Clay content modulates differences in bacterial community structure in soil aggregates of different size

Abstract

Aggregation of soil components is contributing to the formation of diverse habitats for microbial life. Soil aggregates of different size are known to promote niche differentiation. Moreover, aggregates differ in physical and chemical properties, therewith likely supporting biological diversity in soil. To evaluate whether different types of aggregates affect bacterial colonization, we analyzed the impact of aggregate size in dependence of soil clay content on the bacterial community composition. A further distinction was made between microaggregates that occur as free structures in the soil matrix and those that exist occluded within macroaggregates. Upon size fractionation of soil samples from a clay catena (19 – 34%), we analyzed the bacterial community composition in ten different aggregate fractions by amplicon sequencing of the 16S rRNA gene. Both the aggregate size and the clay content showed an influence on the bacterial community composition, although this influence explained only a minor amount of the total observed variation across all samples (approx. 10% each).

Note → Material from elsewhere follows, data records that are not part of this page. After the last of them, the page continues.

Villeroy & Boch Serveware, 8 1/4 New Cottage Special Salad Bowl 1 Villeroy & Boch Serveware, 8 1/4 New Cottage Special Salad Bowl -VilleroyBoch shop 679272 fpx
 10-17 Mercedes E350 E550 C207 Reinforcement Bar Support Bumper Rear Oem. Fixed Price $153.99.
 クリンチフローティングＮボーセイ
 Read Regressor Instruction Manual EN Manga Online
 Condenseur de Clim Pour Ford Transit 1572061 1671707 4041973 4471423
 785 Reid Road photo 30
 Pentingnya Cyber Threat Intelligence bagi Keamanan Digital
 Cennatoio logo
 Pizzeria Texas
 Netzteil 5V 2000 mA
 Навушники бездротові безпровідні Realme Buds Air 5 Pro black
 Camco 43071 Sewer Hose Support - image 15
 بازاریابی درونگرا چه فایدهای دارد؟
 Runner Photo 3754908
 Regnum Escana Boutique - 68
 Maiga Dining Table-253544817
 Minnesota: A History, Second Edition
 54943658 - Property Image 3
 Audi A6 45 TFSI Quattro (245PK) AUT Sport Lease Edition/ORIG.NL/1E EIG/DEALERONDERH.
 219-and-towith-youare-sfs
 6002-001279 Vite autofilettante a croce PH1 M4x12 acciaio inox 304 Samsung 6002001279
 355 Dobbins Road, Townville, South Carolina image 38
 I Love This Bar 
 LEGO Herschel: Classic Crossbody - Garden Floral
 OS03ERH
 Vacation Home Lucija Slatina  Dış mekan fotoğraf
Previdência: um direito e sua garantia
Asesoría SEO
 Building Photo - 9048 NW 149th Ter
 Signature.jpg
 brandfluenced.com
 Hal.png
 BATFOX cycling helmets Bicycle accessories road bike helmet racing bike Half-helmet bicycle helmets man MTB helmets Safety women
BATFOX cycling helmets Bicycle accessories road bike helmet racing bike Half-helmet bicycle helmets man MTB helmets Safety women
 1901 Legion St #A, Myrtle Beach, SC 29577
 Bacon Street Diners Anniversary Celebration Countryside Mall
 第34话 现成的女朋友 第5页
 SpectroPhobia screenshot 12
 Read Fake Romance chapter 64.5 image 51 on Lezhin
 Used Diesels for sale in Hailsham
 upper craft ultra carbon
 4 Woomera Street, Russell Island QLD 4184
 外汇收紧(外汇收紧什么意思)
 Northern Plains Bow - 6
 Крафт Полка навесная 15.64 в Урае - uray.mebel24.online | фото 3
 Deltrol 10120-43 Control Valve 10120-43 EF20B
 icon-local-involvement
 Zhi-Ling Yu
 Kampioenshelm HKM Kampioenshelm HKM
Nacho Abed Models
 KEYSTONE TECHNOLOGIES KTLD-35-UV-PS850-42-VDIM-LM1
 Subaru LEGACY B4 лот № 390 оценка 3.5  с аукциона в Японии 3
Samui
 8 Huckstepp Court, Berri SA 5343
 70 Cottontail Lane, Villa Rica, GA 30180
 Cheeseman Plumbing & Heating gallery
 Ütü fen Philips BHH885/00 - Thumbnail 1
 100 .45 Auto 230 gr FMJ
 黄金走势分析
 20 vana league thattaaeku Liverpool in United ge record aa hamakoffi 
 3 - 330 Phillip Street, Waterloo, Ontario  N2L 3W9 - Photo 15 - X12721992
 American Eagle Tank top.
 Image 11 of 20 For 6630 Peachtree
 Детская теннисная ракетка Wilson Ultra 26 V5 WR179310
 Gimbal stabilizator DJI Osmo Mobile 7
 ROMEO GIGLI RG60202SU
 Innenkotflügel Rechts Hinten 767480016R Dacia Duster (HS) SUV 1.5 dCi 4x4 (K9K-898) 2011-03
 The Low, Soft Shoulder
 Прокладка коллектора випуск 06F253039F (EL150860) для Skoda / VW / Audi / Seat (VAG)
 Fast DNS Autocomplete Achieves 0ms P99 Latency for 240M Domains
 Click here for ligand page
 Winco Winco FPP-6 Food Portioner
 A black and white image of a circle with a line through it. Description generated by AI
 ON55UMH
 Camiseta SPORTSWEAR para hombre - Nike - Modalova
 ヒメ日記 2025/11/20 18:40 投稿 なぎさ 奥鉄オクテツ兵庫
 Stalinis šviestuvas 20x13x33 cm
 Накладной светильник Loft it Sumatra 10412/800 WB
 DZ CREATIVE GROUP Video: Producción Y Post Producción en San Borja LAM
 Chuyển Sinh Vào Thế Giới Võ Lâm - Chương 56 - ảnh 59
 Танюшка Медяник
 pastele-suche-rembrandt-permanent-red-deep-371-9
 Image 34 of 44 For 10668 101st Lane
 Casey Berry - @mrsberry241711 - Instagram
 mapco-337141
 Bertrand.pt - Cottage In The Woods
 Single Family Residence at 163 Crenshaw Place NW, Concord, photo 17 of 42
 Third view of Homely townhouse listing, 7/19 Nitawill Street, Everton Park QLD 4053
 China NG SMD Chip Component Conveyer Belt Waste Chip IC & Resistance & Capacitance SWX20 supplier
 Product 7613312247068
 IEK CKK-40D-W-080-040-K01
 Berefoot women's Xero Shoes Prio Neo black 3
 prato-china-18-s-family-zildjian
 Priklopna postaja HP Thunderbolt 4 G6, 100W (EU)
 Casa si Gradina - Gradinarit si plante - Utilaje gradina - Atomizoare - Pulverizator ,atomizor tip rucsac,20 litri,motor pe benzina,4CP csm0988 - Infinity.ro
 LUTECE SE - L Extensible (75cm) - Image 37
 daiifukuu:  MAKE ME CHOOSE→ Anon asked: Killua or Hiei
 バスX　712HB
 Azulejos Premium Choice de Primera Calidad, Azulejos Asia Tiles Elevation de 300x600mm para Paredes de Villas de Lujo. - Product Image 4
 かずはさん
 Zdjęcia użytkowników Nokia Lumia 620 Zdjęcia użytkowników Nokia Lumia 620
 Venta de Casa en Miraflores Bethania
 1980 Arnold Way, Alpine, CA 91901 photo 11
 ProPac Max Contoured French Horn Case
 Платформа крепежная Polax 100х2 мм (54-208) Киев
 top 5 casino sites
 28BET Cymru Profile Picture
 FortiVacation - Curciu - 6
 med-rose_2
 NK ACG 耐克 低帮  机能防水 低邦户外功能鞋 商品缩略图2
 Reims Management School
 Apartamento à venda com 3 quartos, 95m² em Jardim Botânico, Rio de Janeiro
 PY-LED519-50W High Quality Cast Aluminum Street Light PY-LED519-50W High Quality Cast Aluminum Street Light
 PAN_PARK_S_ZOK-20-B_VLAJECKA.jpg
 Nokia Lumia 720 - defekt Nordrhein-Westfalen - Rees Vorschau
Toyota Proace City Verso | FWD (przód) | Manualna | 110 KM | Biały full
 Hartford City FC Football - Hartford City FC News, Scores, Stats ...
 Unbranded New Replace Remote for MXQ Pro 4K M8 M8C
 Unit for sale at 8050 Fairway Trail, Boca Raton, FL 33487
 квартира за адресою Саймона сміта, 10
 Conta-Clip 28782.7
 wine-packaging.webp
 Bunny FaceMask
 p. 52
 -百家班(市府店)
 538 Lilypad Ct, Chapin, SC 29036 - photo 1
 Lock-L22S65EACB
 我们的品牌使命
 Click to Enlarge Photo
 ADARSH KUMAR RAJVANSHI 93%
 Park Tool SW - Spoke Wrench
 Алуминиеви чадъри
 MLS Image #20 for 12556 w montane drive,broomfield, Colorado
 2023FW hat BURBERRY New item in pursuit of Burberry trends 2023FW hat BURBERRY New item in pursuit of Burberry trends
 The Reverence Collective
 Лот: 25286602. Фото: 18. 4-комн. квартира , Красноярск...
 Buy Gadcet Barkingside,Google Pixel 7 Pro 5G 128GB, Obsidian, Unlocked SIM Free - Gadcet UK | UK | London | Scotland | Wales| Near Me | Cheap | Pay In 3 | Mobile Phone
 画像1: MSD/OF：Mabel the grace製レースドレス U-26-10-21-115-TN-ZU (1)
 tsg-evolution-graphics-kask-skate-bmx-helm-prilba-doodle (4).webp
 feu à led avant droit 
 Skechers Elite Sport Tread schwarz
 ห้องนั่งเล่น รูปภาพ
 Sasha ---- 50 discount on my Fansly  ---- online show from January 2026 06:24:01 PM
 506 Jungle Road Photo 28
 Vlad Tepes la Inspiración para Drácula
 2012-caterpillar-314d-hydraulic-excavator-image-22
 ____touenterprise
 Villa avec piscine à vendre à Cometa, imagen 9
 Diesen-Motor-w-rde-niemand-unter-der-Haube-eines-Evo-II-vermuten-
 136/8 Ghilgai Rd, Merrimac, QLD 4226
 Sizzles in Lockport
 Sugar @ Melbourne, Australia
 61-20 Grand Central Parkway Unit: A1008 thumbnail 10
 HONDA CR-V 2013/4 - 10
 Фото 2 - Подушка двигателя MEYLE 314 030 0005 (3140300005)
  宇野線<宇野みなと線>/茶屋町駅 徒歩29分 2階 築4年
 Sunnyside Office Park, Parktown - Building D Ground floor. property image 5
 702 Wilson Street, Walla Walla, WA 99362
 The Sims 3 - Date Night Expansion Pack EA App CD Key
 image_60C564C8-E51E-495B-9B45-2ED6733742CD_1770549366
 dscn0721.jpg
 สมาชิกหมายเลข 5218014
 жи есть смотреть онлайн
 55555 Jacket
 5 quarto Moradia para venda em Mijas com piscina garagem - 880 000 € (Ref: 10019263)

The increasing clay content led to more distinct communities in aggregates of different size, especially the smallest microaggregate fractions (< 20 µm) became more distinct. This is explained by enhanced aggregate stability in soils of increasing clay content, resulting in the development of more distinct bacterial communities over time. Indicator species analysis revealed a preferential enrichment of copiotrophic bacteria in free microaggregates, while oligotrophic bacteria were enriched in occluded microaggregates, indicating that a further differentiation of the bacterial community occurs within this specific aggregate size fraction in dependence on the localization of the microaggregates in the soil matrix, being possibly related to differences in organic carbon quality. These findings show that further aggregate traits besides size, i.e. stability mediated by soil clay content and localization in the soil matrix, contribute to the diversification of bacterial communities in soil.